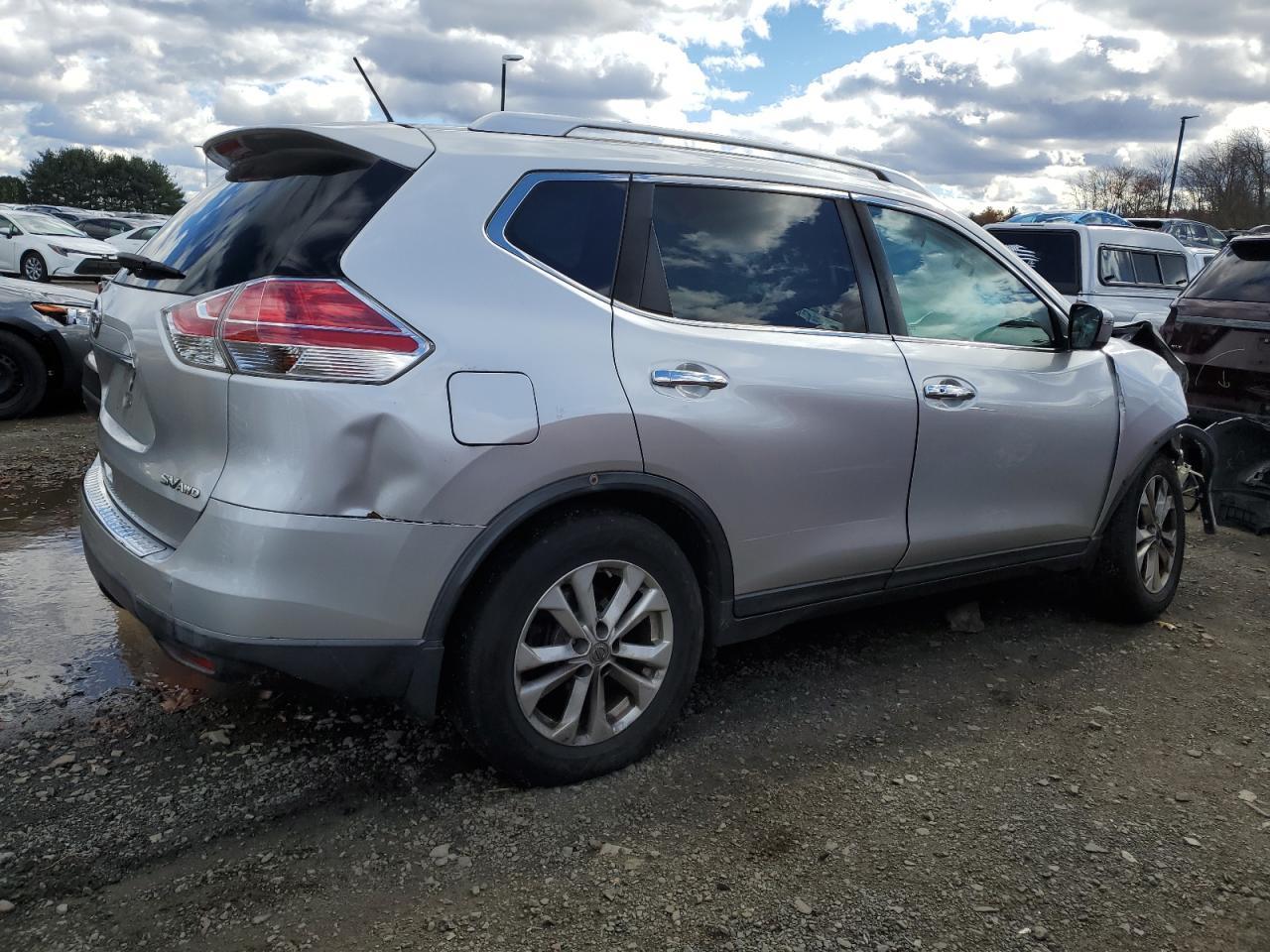 2016 Nissan Rogue S - Фото 3
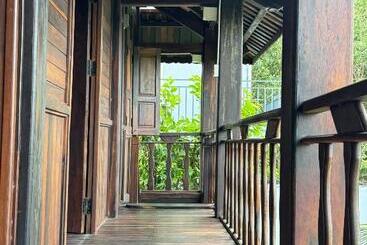 تختخواب و صبحانه Bưng Riềng Garden
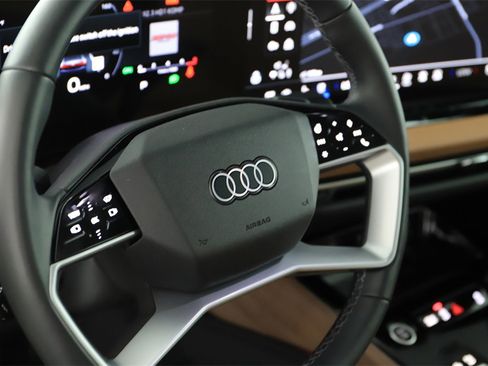 Used 2025 Audi A5 2.0T Prestige w/ 19" Wheel Package image 16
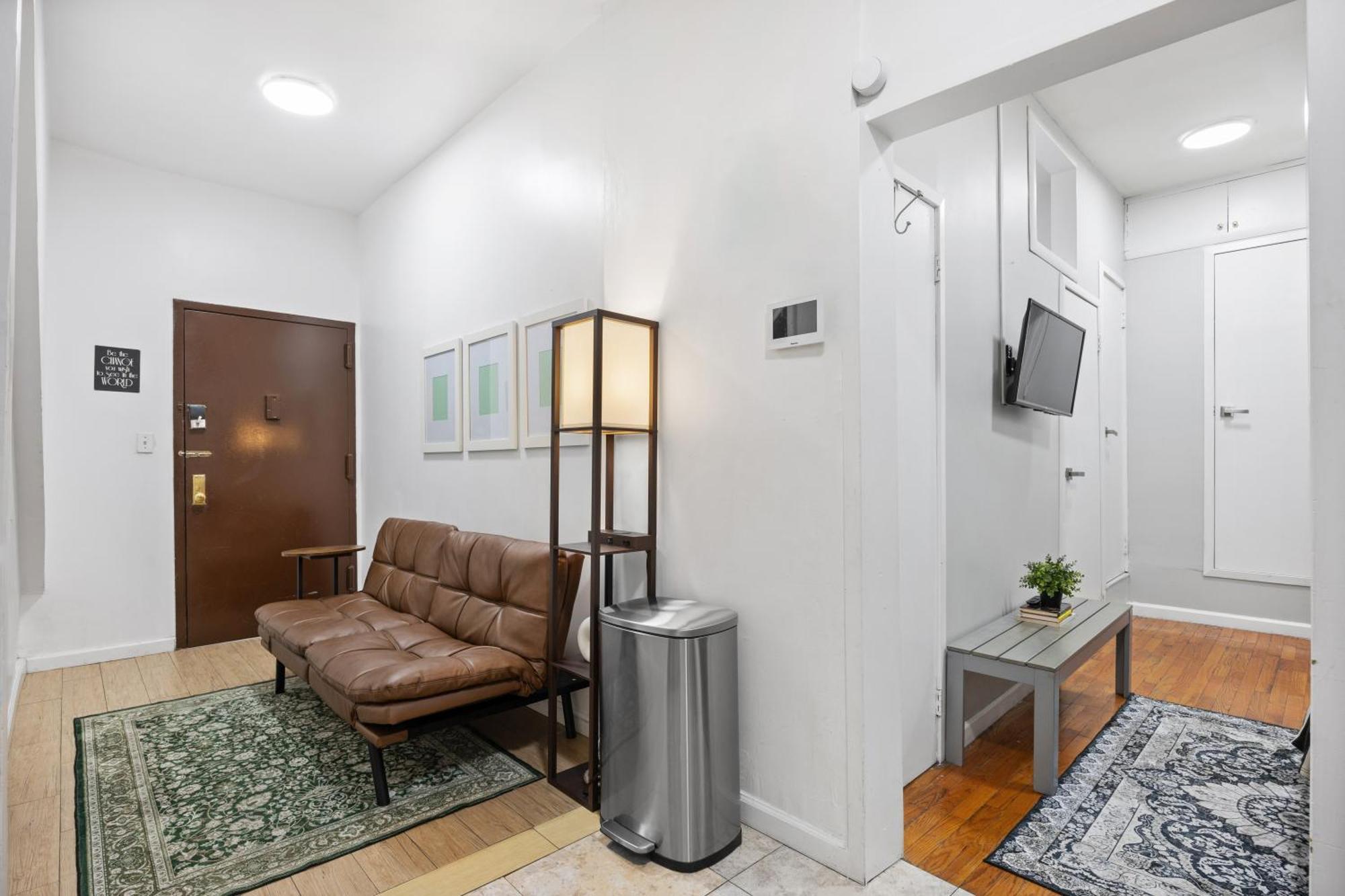 Sleek 2br - Walking Distance To Times Square Apartment *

**EXERCISE AIM**
Output each line above exactly. Skip the images.

**EXERCISE ANSWER**
 2016 Nissan Rogue S - Фото 3
 تختخواب و صبحانه Bưng Riềng Garden
 Used 2025 Audi A5 2.0T Prestige w/ 19" Wheel Package image 16
 Sleek 2br - Walking Distance To Times Square Apartment *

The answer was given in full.